Humanitarian organisations, not the government, are providing services in the beleaguered city.
Beyond the sandbags and levees, the picture is bleak.
Yian indicated where farmers once tilled land and children went to school somewhere beneath the surface.
Little remained but the very tips of thatch huts and masses of water lilies -- the last resort for the desperately hungry, he said.
- 'We've been forgotten' -
Some are clinging on, trying to survive on whatever high land is left.
Once numbering thousands, today just a few hundred people live in Tong on a scattering of islands one hour by canoe from Bentiu.
Among them is Magok Bangany, an 80-year-old farmer born and raised in the village. He remembered a great flood in the distant past, around the age he reached adulthood.
"It lasted two years, but then receded. This is the worst I've seen," he said, using a cane as mud sucked at his feet.

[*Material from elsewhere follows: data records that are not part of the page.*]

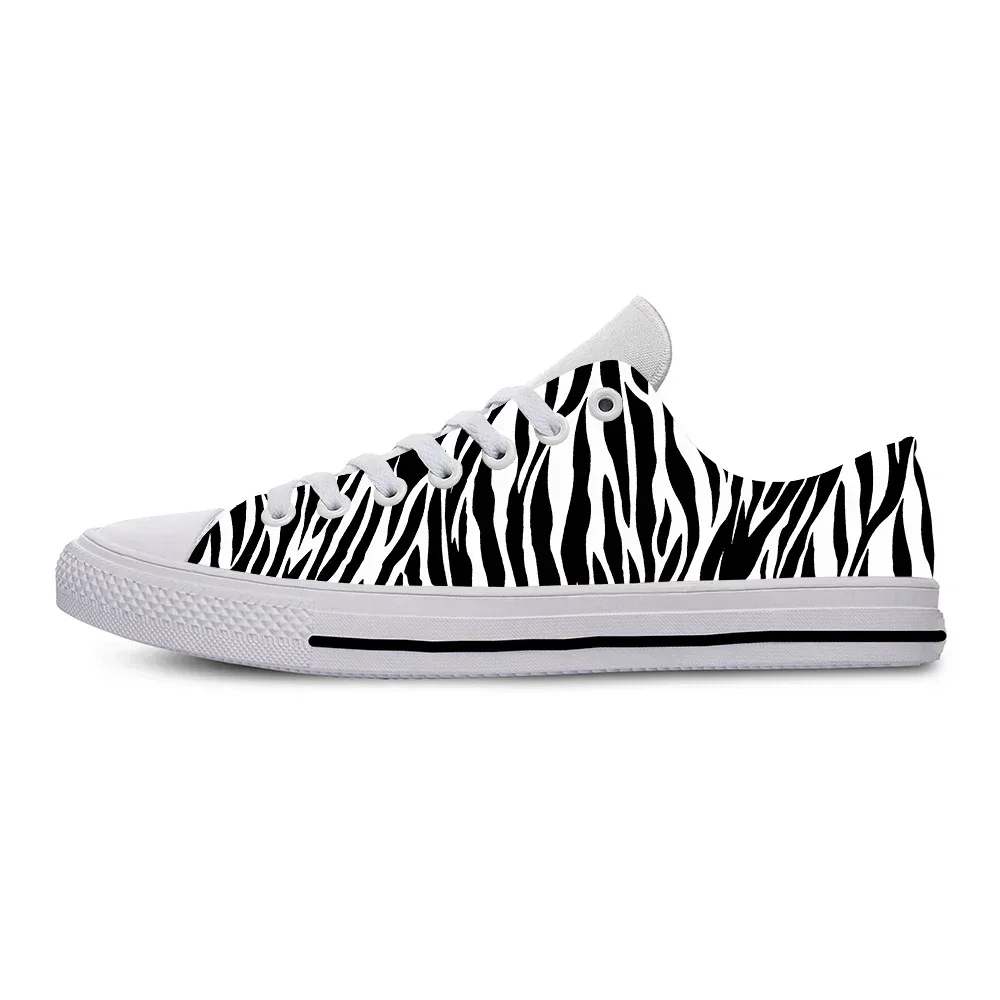 Summer Zebra Print Stripe Cute Funny Casual Shoes Low Top Latest Board Shoes Lightweight Breathable Female Men Women Sneakers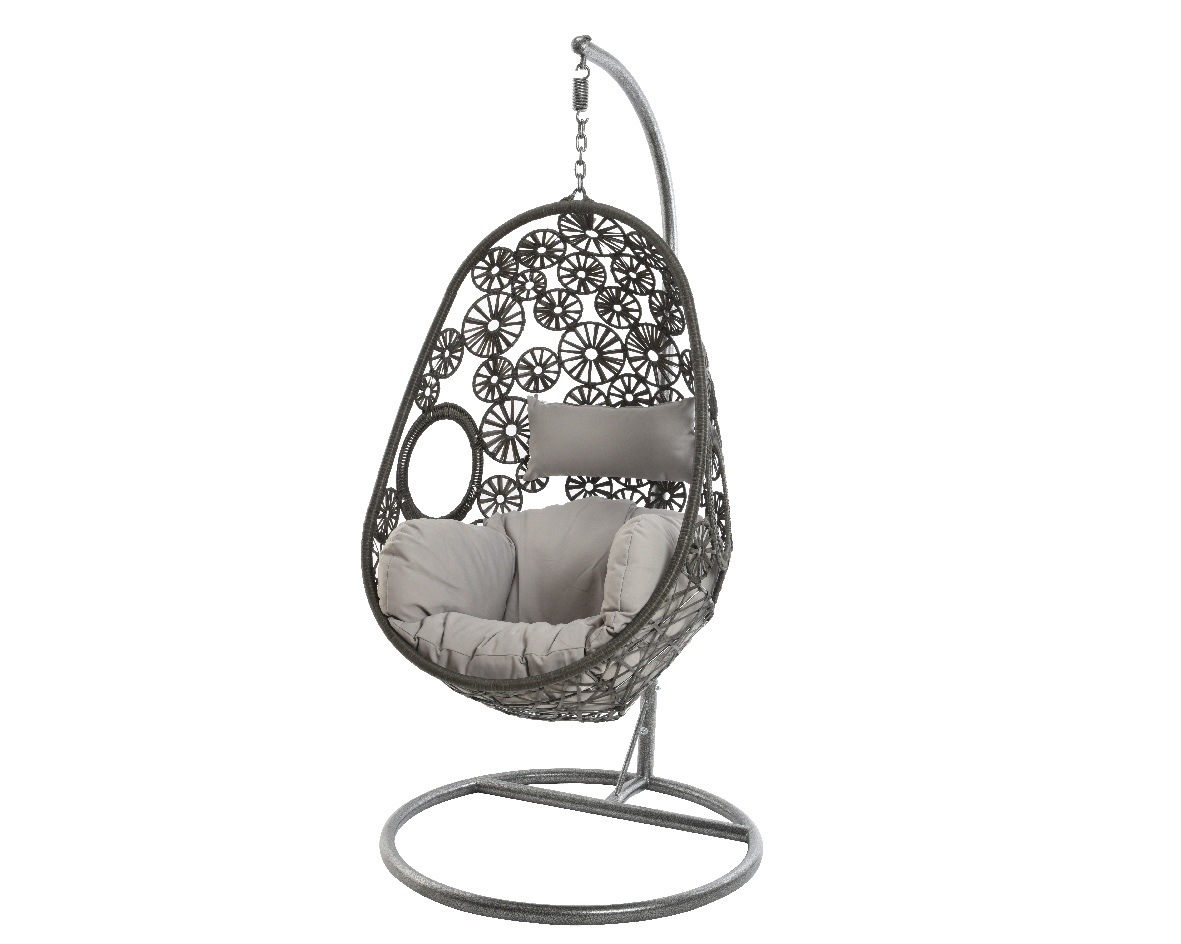 Korb-Hängesessel Blume dunkelgrau WICKER
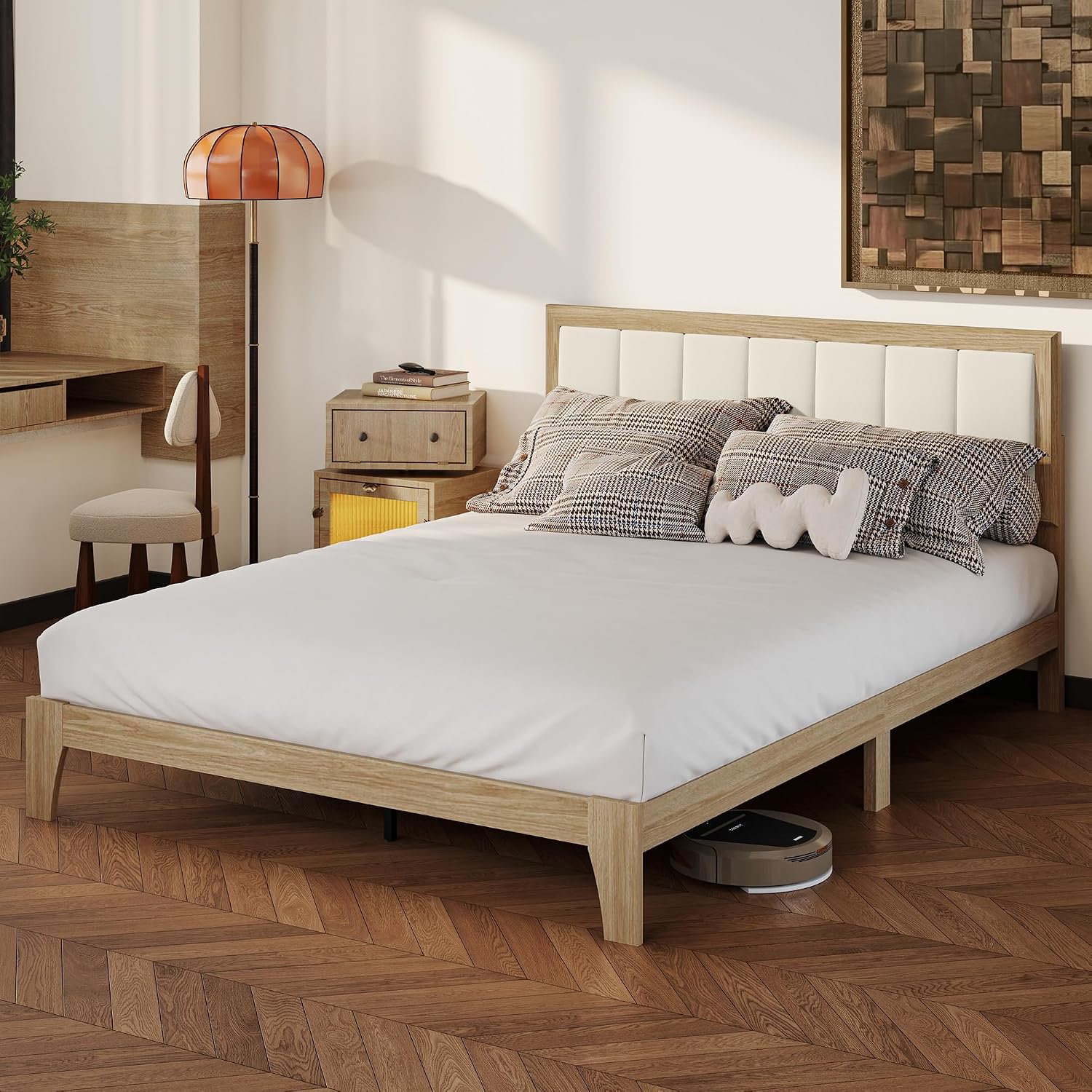 HOMCOM Queen Size Bed Frame with Upholstered Headboard, Platform Bed Frame with Wooden Slats, No Box Spring Needed, Easy Assembly, Natural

South Sudan is prone to seasonal flooding. But nothing of this magnitude has been observed since record-keeping began, said Nall.
"There are historical patterns that suggest these large events tend to last for decades," he told AFP.
"We're all in uncharted territory here. This is so much bigger than the most recent event of this kind."
These forces are being felt even in places spared the worst of the deluge.
Unable to find grass, cattle herders have taken their livestock south and clashed over land and resources in the country's breadbasket region, according to the International Crisis Group.
The think tank warned that South Sudan "exemplifies the compounding, climate-driven forms of instability and violence" that Africa could face without money from wealthy countries to adapt to global warming.
But donations have been scarce. The war in Ukraine has sapped aid budgets and raised food prices, and WFP has been forced to halve rations even in hard-hit Bentiu.
Families that exhaust their monthly allocation make do on whatever wild flowers and fruits they can stomach.
"We have been forgotten," said Mary Nyaruay from Tong. "We must struggle ourselves to survive."